Tony Winders: Are you familiar with other targeting proxies in the wake of the cookie? What about identity, and FLoC and some of these other initiatives that are floating around? Are those relevant to this conversation? 

Stephen Johnston: Absolutely. 

Tony Winders: If you can just give any insight on those kinds of identities.

Stephen Johnston: So, FLoC is “Federated Learning of Cohorts”. And it is a process that creates groups of non identifiable individuals inside of cohort groups of interest, and then federates them across multiple sites. The primary sticking point is, it requires a benevolent Lord, to sit in one key component of it and have a lot of power and deserve a lot of trust. Google says,
“Well, our browser could be that.” So they have some patents in the space around that. They’ve just floated some concepts where they name this “to be named” entity. It’s interesting. I think that there’s a lot of distrust, and there’s a lot of giving Google more. A lot of people just don’t trust them.

Tony Winders: There’s competitive reasons too, Microsoft and Apple aren’t about to endorse that standard.

Stephen Johnston: Yeah. So there’s a lot of fighting over it. I think something like that comes about, but it is probably more of an industry group, prebid wants to do some things in the space, and they may be a more broad industry organization. But to some degree, they’re also positioned as “not the walled gardens,” and still have a couple of large entities that are shaping things there, too. We’re involved in that process ourselves as heavy contributors to pre-bid. We’re definitely in that space, where there’s a patchwork of solutions, and the cookie was ubiquitous. It was easy, it was technically approachable, you could append it with all this information, you could get to it, it was easy. There’s a reason that everybody liked it, there was a reason it was used heavily, because it was easy and it was pretty valuable. It’s like the way that we’re building solutions at PubWise, we’re not trying to name a winner. We’re trying to help publishers determine which one of these solutions, as they pop-up, actually works. And for us, I see that as an opportunity. You’re going to get approached by 100 different companies over the next year, they’re gonna say, “X, Y, and Z.” How prepared are you to measure their effects? The vast majority of publishers are not, on a scale of one to five for maturity, they’re a one. My sense is that even the most advanced publishers are only at three or four.

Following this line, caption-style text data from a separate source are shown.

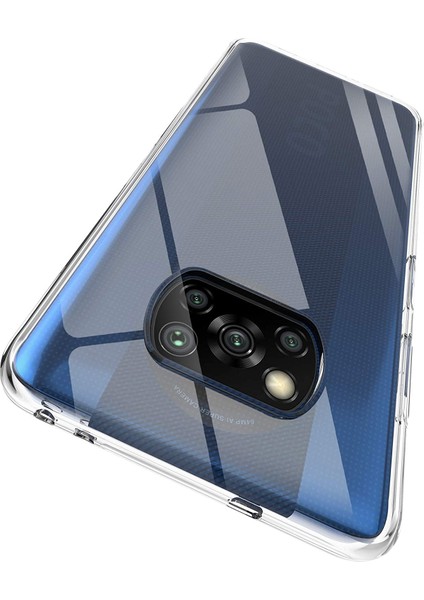 Xiaomi Poco X3 Nfc Önce Karşıtı Izleme See-Through Net Soft Tpu Kasa Kapağı (Yurt Dışından) fırsatları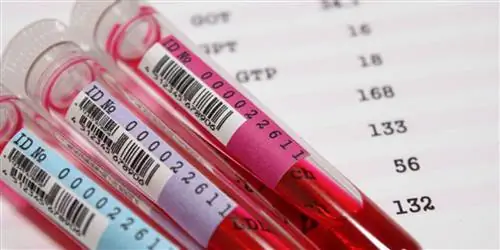 Анемия – диагностируется по анализу крови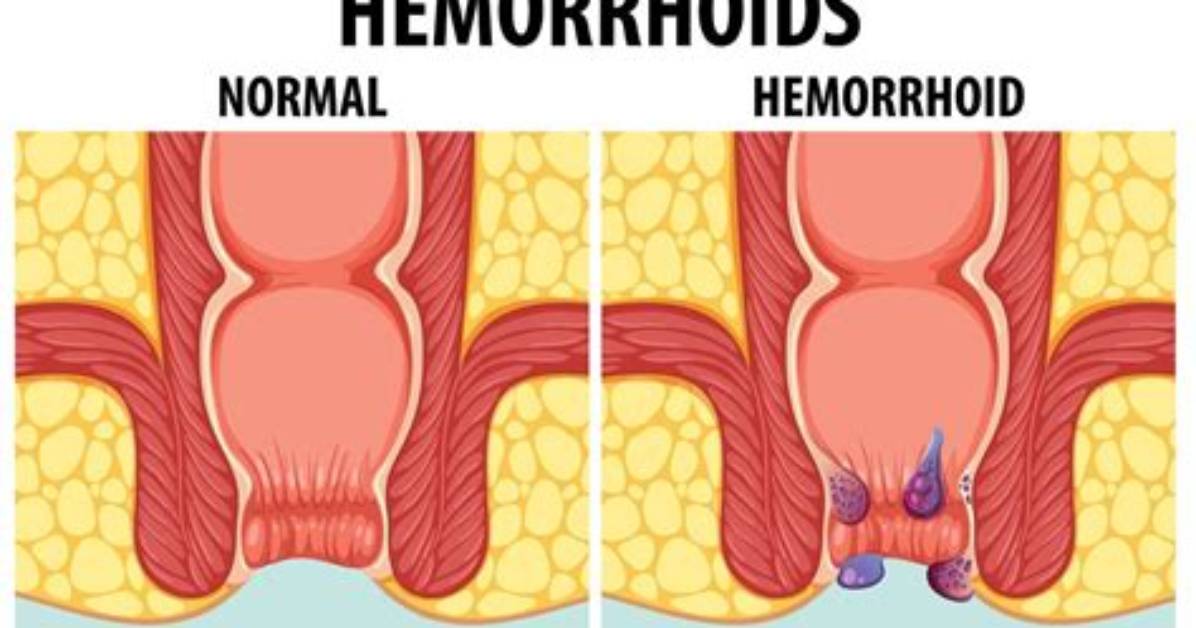 Are External Hemorrhoids Permanent?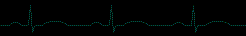 GIF animado (62037) Cardiograma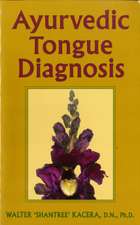 Ayurvedic Tongue Diagnosis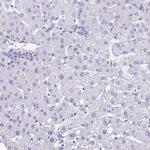 PGM2L1 Antibody in Immunohistochemistry (IHC)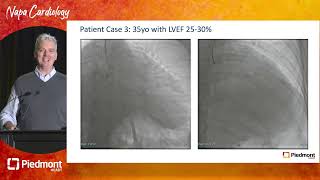 Appraisal of Successes and Shortfalls in CTO Revascularization [upl. by Kcirdnekal500]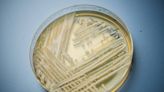 Washington faces first outbreak of a deadly fungal infection that's on the rise in the U.S.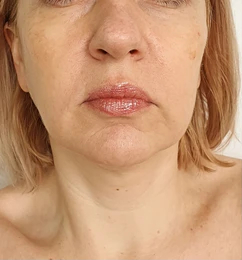 woman-face-lift-after-treatment-260nw-1501806911 woman-face-lift-after-treatment-260nw-1501806911
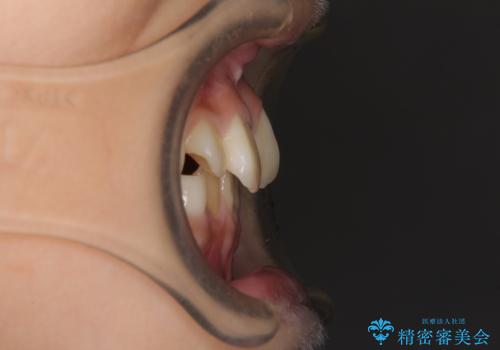 過剰歯を抜歯して前歯を排列 インビザライン・ファーストによる小学生のⅠ期治療の治療前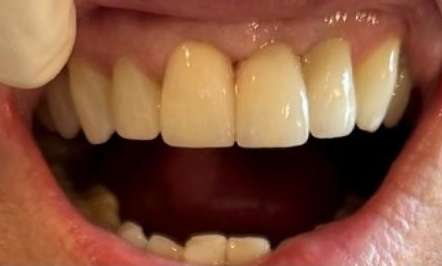 Bridge Results 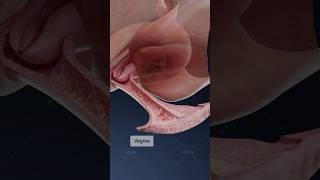 What is herpetic vaginitis and how does it affect the vagina? Explore gynecology in 3D with VOKA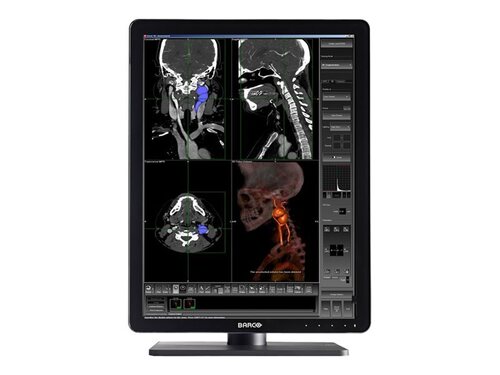 Monitors>Medical Grade Monitors - Barco - K9602994 - New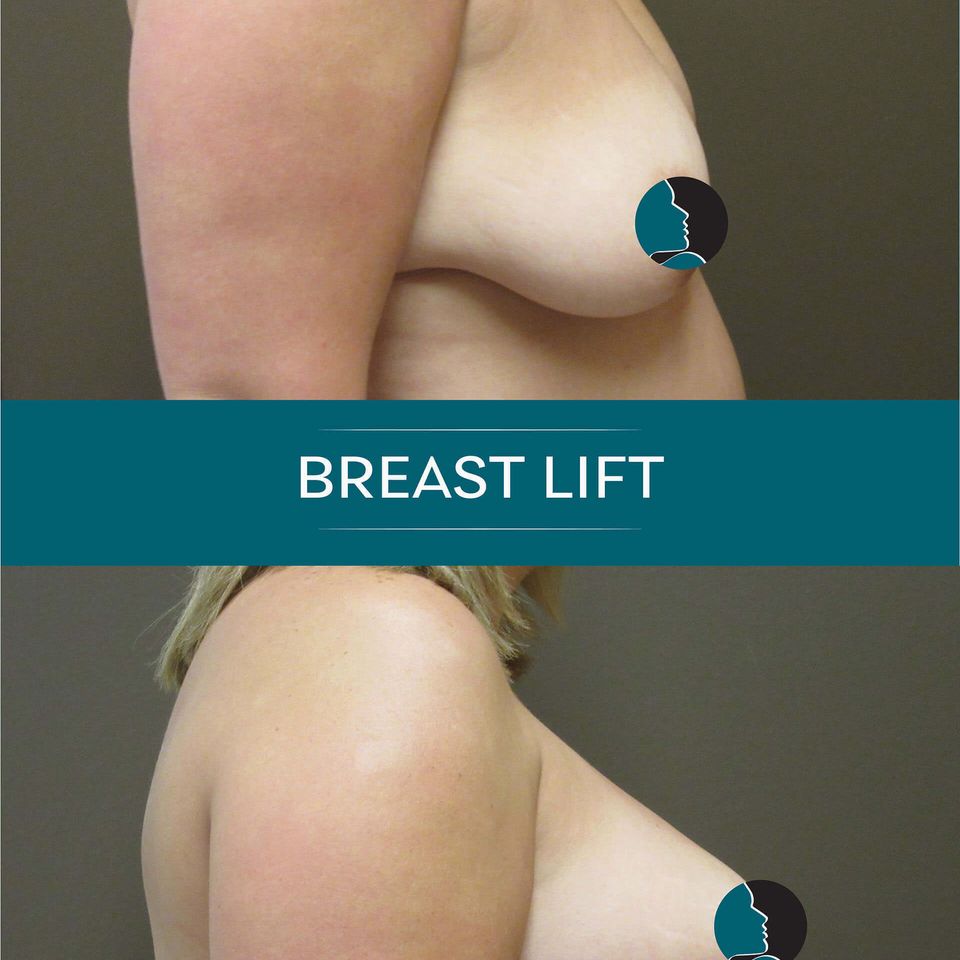 Nps social breasts lift 03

Tony Winders: Well, how does PubWise get them there? What are you going to do to help them measure it more effectively?

Stephen Johnston: There’s always analytics and just simply providing an easy path to: I turned this on, and then did I made more money? It starts there, but it then starts to be: does this solution work with this audience? Does this work for that audience? When our traffic comes in from this source, does one solution work better than another? And that’s where, with machine learning and some of our proprietary and patented algorithms are able to start to align those decisions to a place that can provide the most value. My answer would be, we’re going to do the things you would do yourself, we’re just going to do them thousands of times a day and millions of times a month, instead of it being a week-long project that takes three people and five hours of discussion to go through and then you only get one of those answers.

Tony Winders: Well, this has been fantastic as always, just to recap some of the highlights, what I heard was that context and the cookie can work powerfully together, especially in this interim phase, that we’re in an unfolding time of change in the industry, and that’s okay. There are going to be a lot of creative solutions coming out and potentially the consumer comes out ahead in the end, which would be a nice byproduct for everyone. And obviously you’re applying your resources to help publishers figure it out and advertisers for that matter. But any parting shots to add to that before we break?

Stephen Johnston: Yes, I think that instead of trying to find a winner, that people should be looking to and preparing for how they are going to find the winners, because there’s going to be a lot of solutions. Nobody has a crystal ball. You don’t know what comes out tomorrow. So start preparing your organization to be measuring these things, not reading slick marketing material, and then just going with whoever’s font is bigger. That would be my parting shot, be prepared to measure this, not soak all this information up and say, “Well, these are the three we’re going to pick for the next few years whether they work or not.”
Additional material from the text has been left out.